I smell a bubble in online photo storage. Every pic I take gets uploaded to G+, Facebook, Dropbox, and apparently now Amazon.
Aside from the pure storage bubble, I know Amazon is pretty good at shipping, so being able to frame and airmail photographs of the kids to Grandma with free 2-day prime shipping sounds appealing compared to the 50 other competitors in the market with less legendary logistics stills. Take a pix of the kids on the 22nd of december and amazon could probably guarantee grandma would have framed copies delivered before christmas. I could see it.
> I smell a bubble in online photo storage. Every pic I take gets uploaded to G+, Facebook, Dropbox, and apparently now Amazon.
I know what you mean. Lately I've gotten the impression that companies aren't offering photo storage as a feature to entice more people to use their services, but that they want our photos for some reason. Maybe advances in image recognition let them use the photos to mine marketable data?
I think it's simpler than this; they want to fully utilize their compute resources so they can squeeze suppliers for better prices. If Amazon can get a one cent discount on hard drives by buying more, then Amazon.com is cheaper to run.
I wonder how much effort it would be to subject the images to some simple and reversible transform to foil that sort of thing. (e.g., extract every odd-numbered pixel to its own layer, rotate it by 180 degrees, and merge.)
To add one additional bit of supporting evidence, Snapfish (owned by HP) is currently offering a promotion for users of their mobile app (iOS & Android): 100 free prints per month for a year. Yes, 1200 free prints, all from your phone or tablet, as long as you store them at Snapfish.

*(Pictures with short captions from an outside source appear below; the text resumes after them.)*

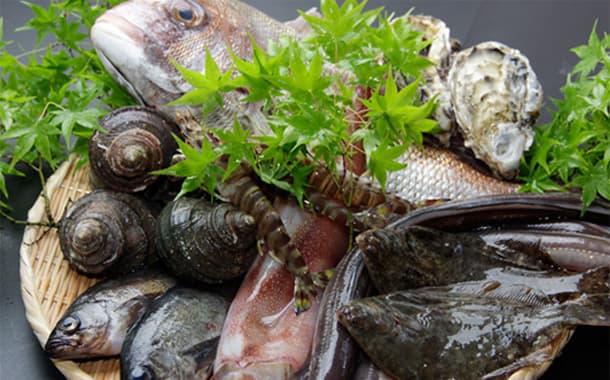 The Freshness of the Local Waters, That Day's Catch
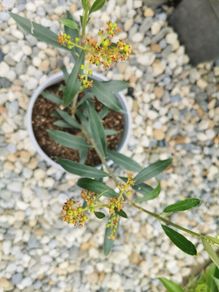 Olive tree plant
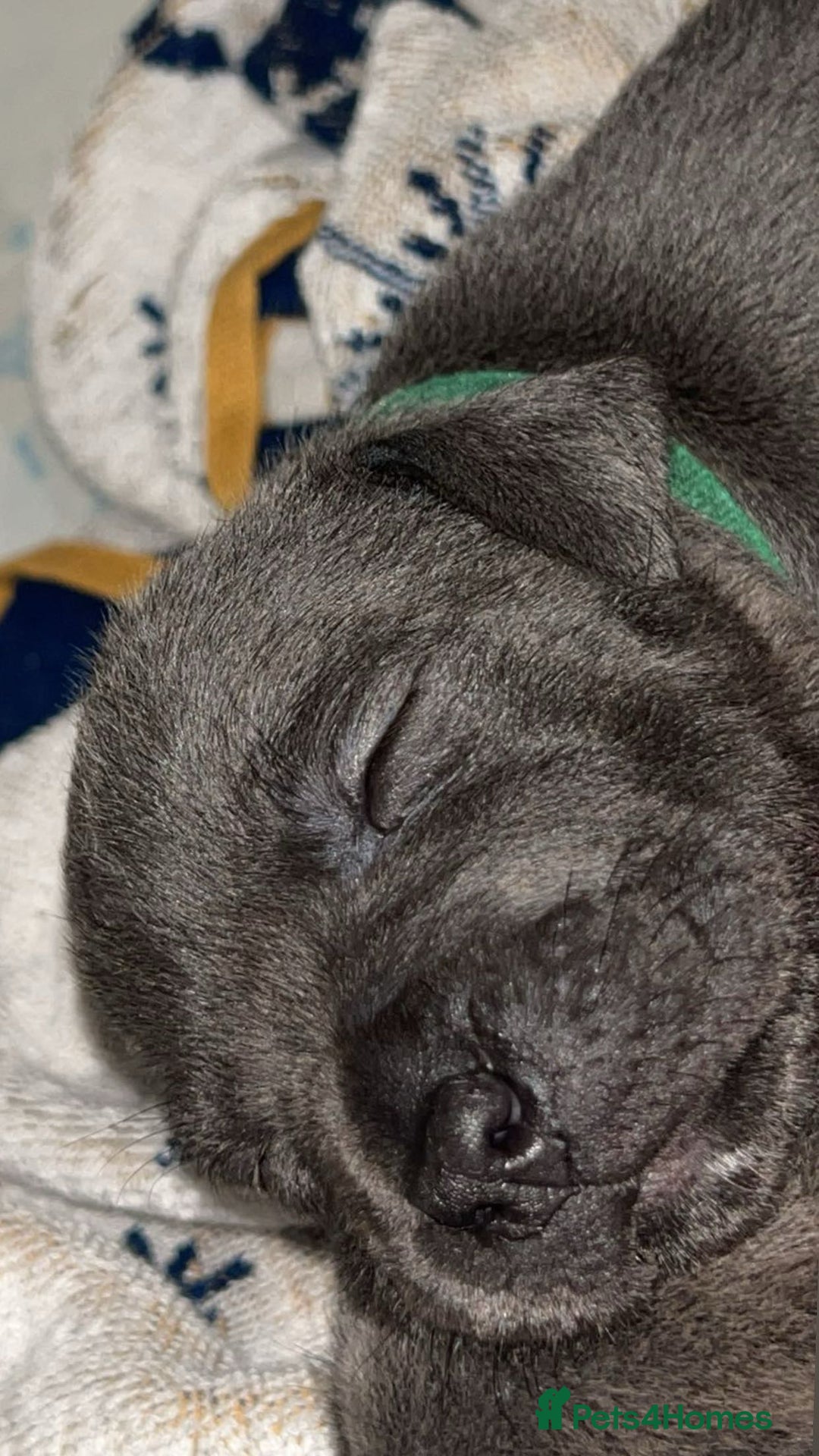 Staffordshire Bull Terrier dogs for sale: Beautiful blue staff puppies  - Image 19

Aside from the pure storage bubble, I know Amazon is pretty good at shipping, so being able to frame and airmail photographs of the kids to Grandma with free 2-day prime shipping sounds appealing compared to the 50 other competitors in the market with less legendary logistics stills. Take a pix of the kids on the 22nd of december and amazon could probably guarantee grandma would have framed copies delivered before christmas. I could see it.